Le statut des baux commerciaux offre au locataire la « propriété commerciale ».

Cette propriété commerciale est le droit au renouvellement du bail commercial (articles L. 145-8 à L. 145-30 du code de commerce ; Civ. 3e, 11 mars 2021, n° 20-13.639).

Le preneur à bail peut donc renouveler son contrat de bail et continuer d’exploiter son commerce dans les lieux loués. Le contrat de bail ne peut pas déroger à cette règle qui est d’ordre public (C. com., art. L. 145-15).

Le bailleur a néanmoins la faculté, sous certaines réserves, de refuser le renouvellement au locataire. Il doit alors lui offrir une indemnité d’éviction (C. com., art. L. 145-14).

En effet, du fait du refus de renouvellement du bail, le locataire subit la perte de son fonds de commerce ou du bail lui-même, qui ont une valeur patrimoniale.

Sauf exceptions mentionnées aux articles L. 145-17 et suivants du code de commerce, le locataire doit donc être dédommagé de cette perte.

L’indemnité d’éviction peut être librement fixée « à l’amiable » entre les parties, mais il est très fréquent, en pratique, qu’un expert, désigné par un magistrat soit désigné pour évaluer cette indemnité.

La demande de désignation d’un expert est alors fondée sur l’article 145 du code de procédure civile.

Cet article oblige à la démonstration d’un intérêt légitime. Le demandeur en justice doit démontrer l’intérêt qu’il a de demander au magistrat de désigner un expert judiciaire. Cet intérêt est évident puisque les deux parties au contrat de bail, le locataire comme le propriétaire, ont intérêt à voir évalué le montant de l’indemnité d’éviction pour éviter tout litige.

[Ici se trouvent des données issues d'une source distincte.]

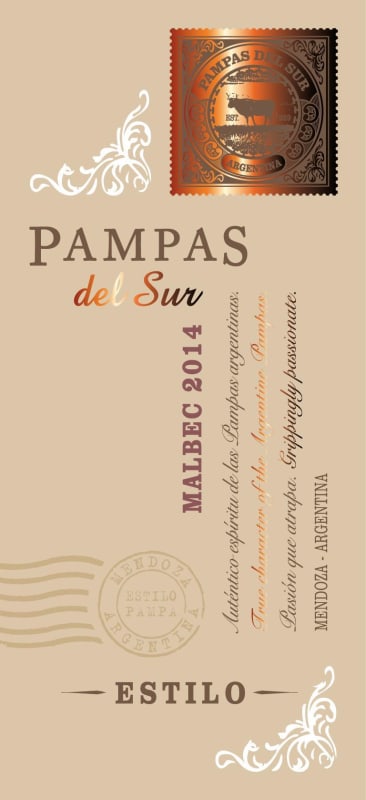 Pampas del Sur Estilo Malbec 2014 Front Label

Cet article impose, par ailleurs, qu’aucun autre juge n’ait été saisi, au préalable.

En effet, on ne peut saisir le magistrat sur le fondement de l’article 145 du CPC que si aucun juge au fond n’est déjà saisi, puisque cet article a pour objectif de rapporter des éléments de preuve en vue d’un litige potentiel. Si le litige est déjà né, il n’est plus potentiel.

Encore faut-il, pour que le juge des référés refuse de se prononcer sur une mesure d’expertise sur le fondement de l’article 145 du CPC, que le juge, qui aurait été saisi avant lui, ait été saisi sur un même objet.

En conséquence, si un magistrat a été saisi sur une autre question que celle de l’évaluation de l’indemnité d’éviction, par exemple, la validité du congé délivré par le bailleur, quand le juge des référés est saisi à son tour en vue de désigner un expert pour évaluer cette indemnité, ce premier juge n’a pas été saisi sur un même objet.

La saisine postérieure du juge des référés en désignation d’un expert pour évaluer l’indemnité d’éviction est donc valable (Civ. 3e, 6 avril 2023, FS-B, n°22/10-475).